What is needed here is an exact printout of the data, with no pictures included.

### RECORDS FOR THE EXERCISE
========
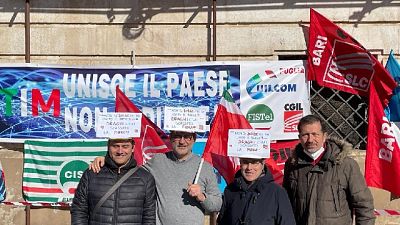 Lavoratori in piazza con i sindacati contro scorporo rete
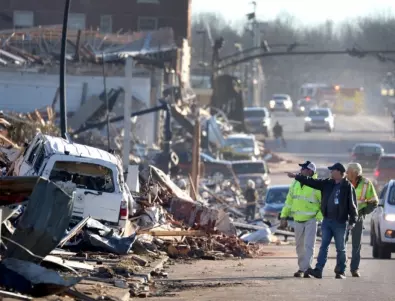 Най-малко 6 души загинаха от торнадо в Алабама (ВИДЕО)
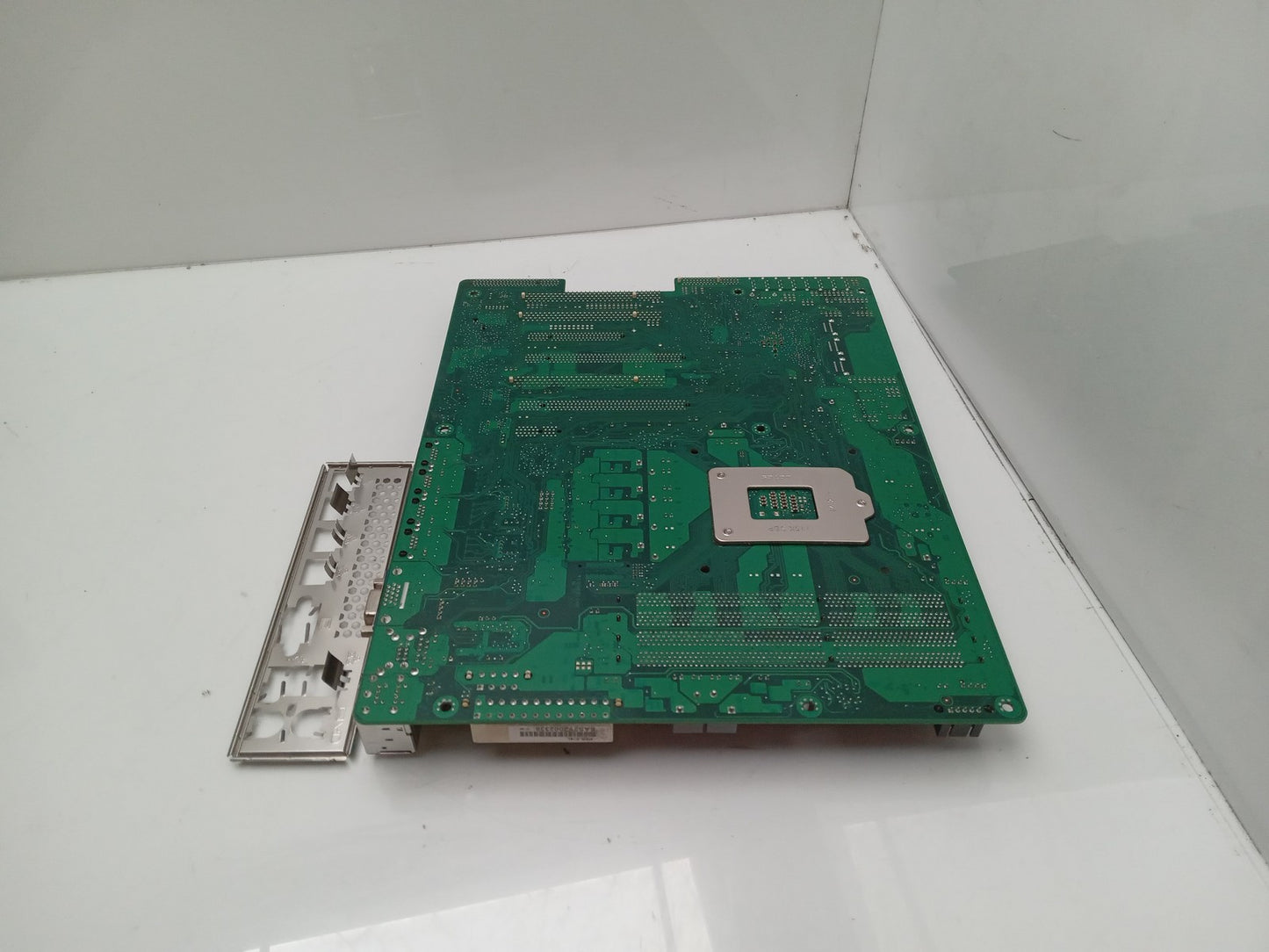 ASUS P8B-E/4L LGA1155 DDR3 ATX Motherboard - With Xeon E3-1240 3.30 GHz CPU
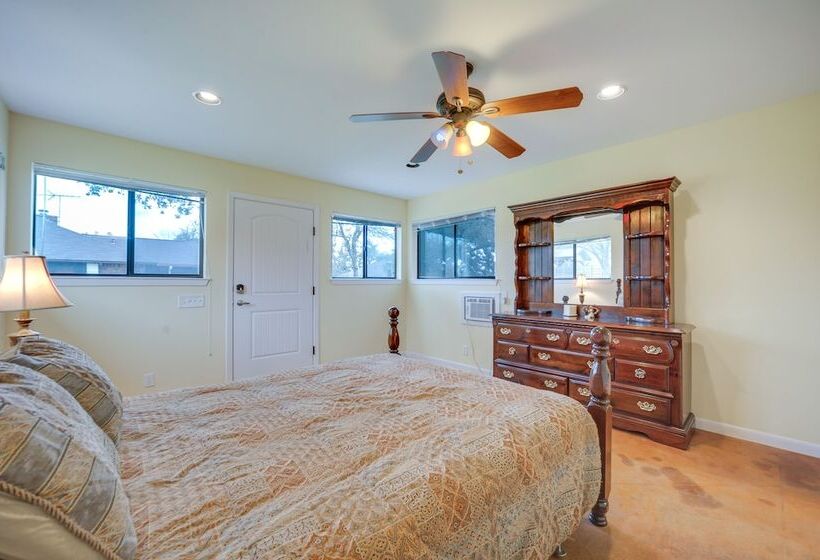 Southwest Austin Home W/ Pool, 13 Mi To Downtown!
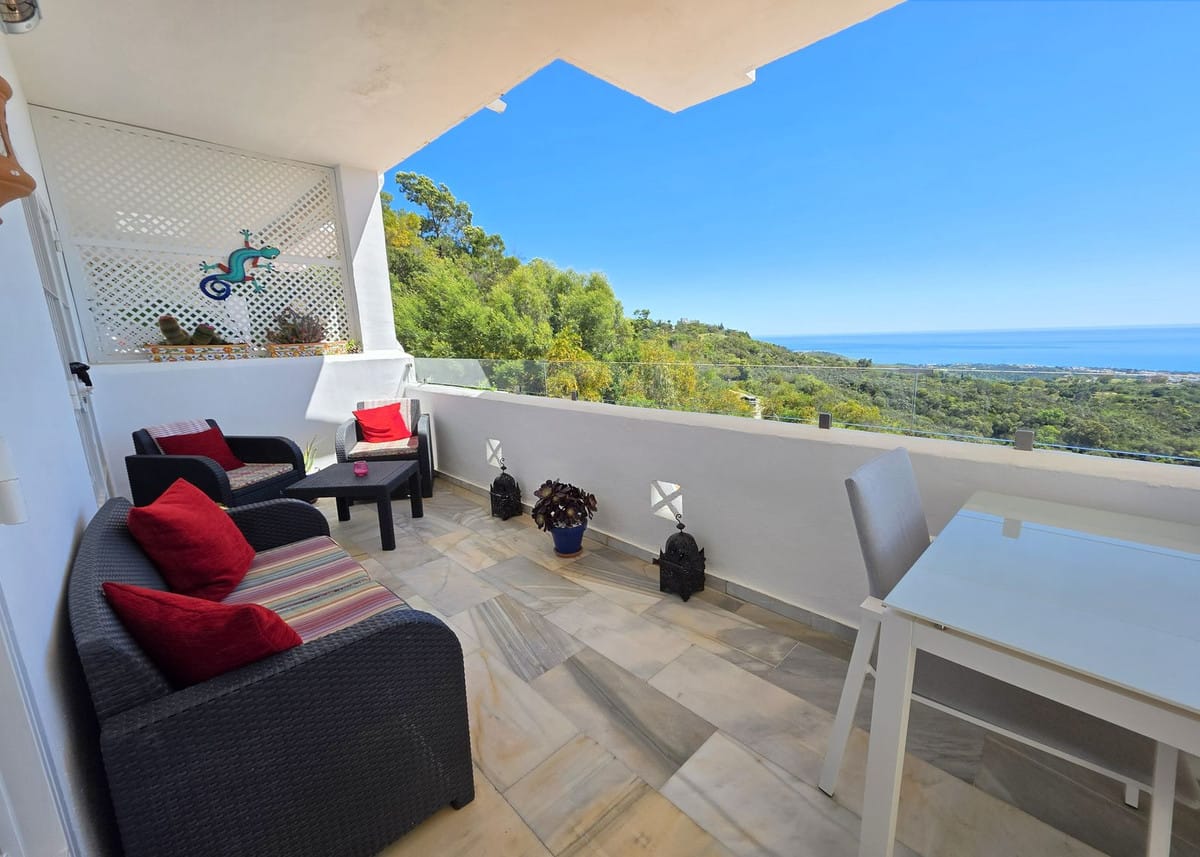 2-slaapkamer appartement met panoramisch zeezicht te koop in La Mairena, Elviria – Marbella Oost in La Mairena - foto 9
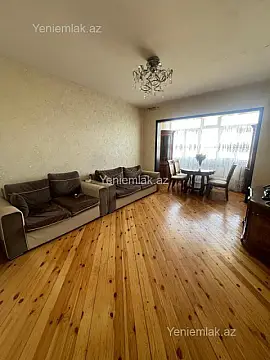 Satılır 3 otaqlı köhnə tikili 69 m² — Sumqayıt, 8-ci mikrorayon 3 otaq 69.00 m²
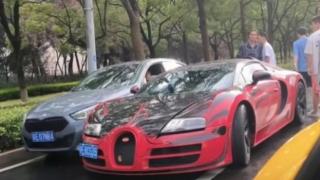 Ярост на пътя: Скъпа катастрофа между Bugatti и BMW след засичане ВИДЕО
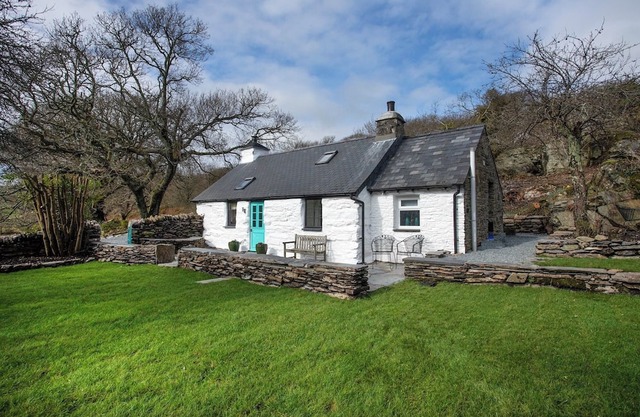 New! Charming, One Bedroom 17th Century Cottage with large gardens near Beaches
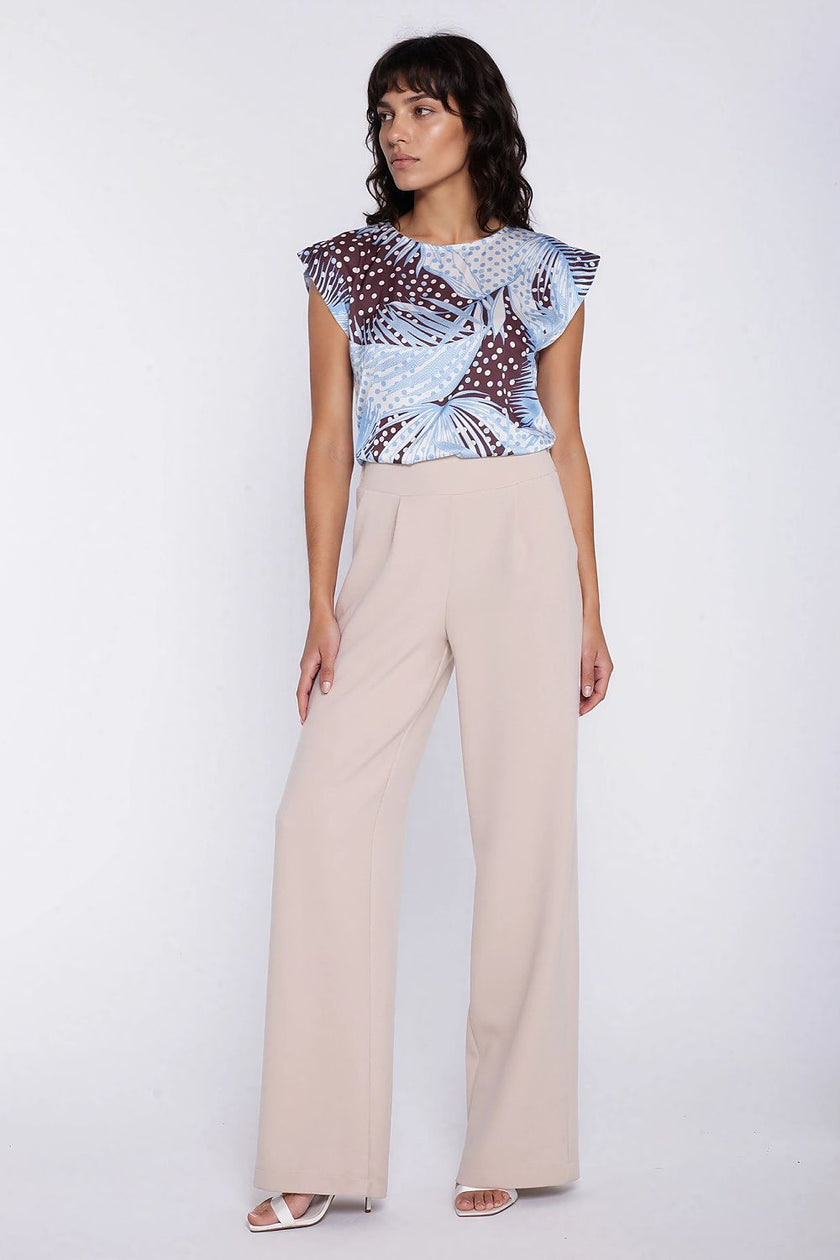  Women trousers model 225826 Nife 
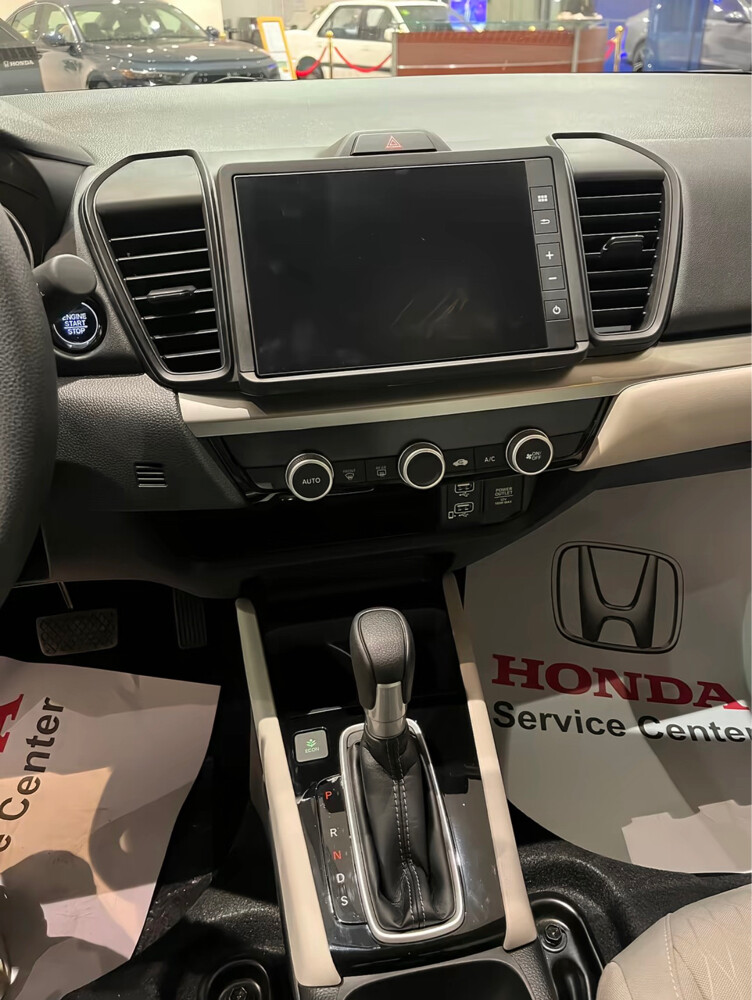 TRAVEL RENT A CAR - 9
========
### COMPLETED TASK
 Lavoratori in piazza con i sindacati contro scorporo rete
 Най-малко 6 души загинаха от торнадо в Алабама (ВИДЕО)
 ASUS P8B-E/4L LGA1155 DDR3 ATX Motherboard - With Xeon E3-1240 3.30 GHz CPU
 Southwest Austin Home W/ Pool, 13 Mi To Downtown!
 2-slaapkamer appartement met panoramisch zeezicht te koop in La Mairena, Elviria – Marbella Oost in La Mairena - foto 9
 Satılır 3 otaqlı köhnə tikili 69 m² — Sumqayıt, 8-ci mikrorayon 3 otaq 69.00 m²
 Ярост на пътя: Скъпа катастрофа между Bugatti и BMW след засичане ВИДЕО
 New! Charming, One Bedroom 17th Century Cottage with large gardens near Beaches
  Women trousers model 225826 Nife 
 TRAVEL RENT A CAR - 9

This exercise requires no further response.